> _Task brief_:
The answer must be a single number: the count of lines in the records below that contain the word "écrans".

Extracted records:
★ ★ ★ ★
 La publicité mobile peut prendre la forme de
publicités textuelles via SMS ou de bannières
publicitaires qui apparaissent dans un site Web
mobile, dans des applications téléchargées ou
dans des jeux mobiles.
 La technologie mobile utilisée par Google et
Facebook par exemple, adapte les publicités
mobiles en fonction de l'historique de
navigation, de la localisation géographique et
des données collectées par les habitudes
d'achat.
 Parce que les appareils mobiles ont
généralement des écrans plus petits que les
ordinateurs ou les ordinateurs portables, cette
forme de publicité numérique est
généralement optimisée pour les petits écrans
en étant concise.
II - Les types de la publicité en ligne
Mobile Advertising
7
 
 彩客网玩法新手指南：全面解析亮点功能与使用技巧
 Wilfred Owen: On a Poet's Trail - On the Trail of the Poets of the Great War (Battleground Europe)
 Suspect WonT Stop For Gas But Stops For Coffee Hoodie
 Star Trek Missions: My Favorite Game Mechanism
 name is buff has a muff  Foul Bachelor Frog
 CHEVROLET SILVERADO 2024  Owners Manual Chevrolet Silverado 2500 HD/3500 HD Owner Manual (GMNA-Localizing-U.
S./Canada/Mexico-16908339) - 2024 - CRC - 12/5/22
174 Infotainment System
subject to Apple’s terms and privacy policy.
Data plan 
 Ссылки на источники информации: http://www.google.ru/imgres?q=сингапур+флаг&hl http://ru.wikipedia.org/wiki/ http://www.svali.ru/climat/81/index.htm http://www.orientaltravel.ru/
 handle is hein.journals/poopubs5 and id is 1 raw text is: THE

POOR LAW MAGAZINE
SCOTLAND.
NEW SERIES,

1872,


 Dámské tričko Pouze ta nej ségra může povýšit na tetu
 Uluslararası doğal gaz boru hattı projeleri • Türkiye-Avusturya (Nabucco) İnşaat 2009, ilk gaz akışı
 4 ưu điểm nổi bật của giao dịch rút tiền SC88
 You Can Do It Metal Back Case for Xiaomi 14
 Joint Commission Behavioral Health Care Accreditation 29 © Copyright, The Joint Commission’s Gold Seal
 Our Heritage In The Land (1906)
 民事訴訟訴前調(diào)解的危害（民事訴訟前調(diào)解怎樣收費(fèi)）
★ ★ ★ ★
> _Response_:
2